Operations Management & Spreadsheets - Data Structure

In yesterday's post about spreadsheets vs databases, I talked about why clients get stuck when using a spreadsheet to create management reports. Today, I want to expand upon this concept.

When clients come to me because they are stuck, often the problem is that the client does not know how to properly enter the data so the spreadsheet can be used as a flat-file database. Put another way, the data is not structured properly.

Sometimes, the data is almost structured properly. Let me share a few examples.

First, let's remember a few rules:

  • In a spreadsheet, every column is a field

  • The column heading is the field name

  • Every field name should be an item type - name, date, month, ID Number

  • Data in each cell in the column should be a form of the data type.

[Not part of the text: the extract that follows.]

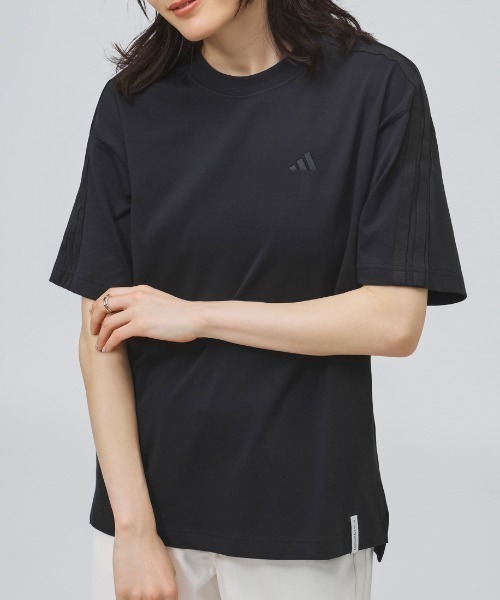 adidas(アディダス)の「アディダス adidas エッセンシャルズ プラス スリーストライプス ルーズフィット半袖Tシャツ(Tシャツ/カットソー・レディース・ライトグリーン/ブラック/オフホワイト・S/M/L/XL)」の8枚目の写真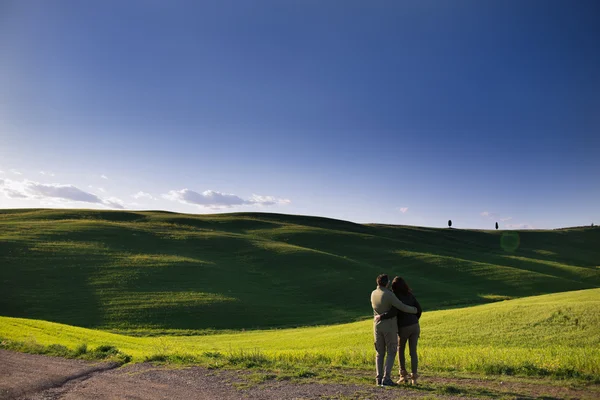 在托斯卡纳的山间，在日落时夫妇的肖像 — 图库照片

Problem 1 – Data is not normalized

This happens when the client thinks a field is unique when in fact it is not.

A typical error is that the client will have 12 columns, one for each month, with the headings “Jan”, “Feb”, “Mar”, and so on. But these are not unique fields. If fact, they are the same field – Month.

The client should have just one column labeled “Month”, with 12 rows, one for each month of the year.

When you correct a problem this way – removing columns that are data points, not fields – it is called normalizing the data.

Problem 2 – Purpose and the end result

The client has created the spreadsheet without taking the time to think through the report, answering such questions as:

  • Why do I need this report?

  • How will I use this report?

  • Who will use the report?

  • What is the source of data for the report?

  • How many people provide the data for the report?

  • What are the action steps to be taken based on the report data?

  • How critical is this report?

  • Does this report duplicate or overlap another report we use?

  • Is the report information available some other place so we don’t have to create this report at all?

Problem 3 – Singular focus

Often, the client's request is to fix only one spreadsheet, which is used to manage only one step in the entire process. The client does not view the spreadsheet in context - how it relates to other spreadsheets being used throughout the manufacturing process.

Data that serves as input into or output from the spreadsheet may be used in other spreadsheets that others use to manage the operations process. So the client ends up with multiple spreadsheets, all of which contain the same set of data. Duplicating data in this way increases the risks of error if there is no way to ensure all data sets are exactly the same.

It makes more sense to locate the source data in one location rather than having a separate data tab in every spreadsheet. This will not only ensure that data is not duplicated, but also that all relevant data is caputured, so management can make the best, fully informed decision.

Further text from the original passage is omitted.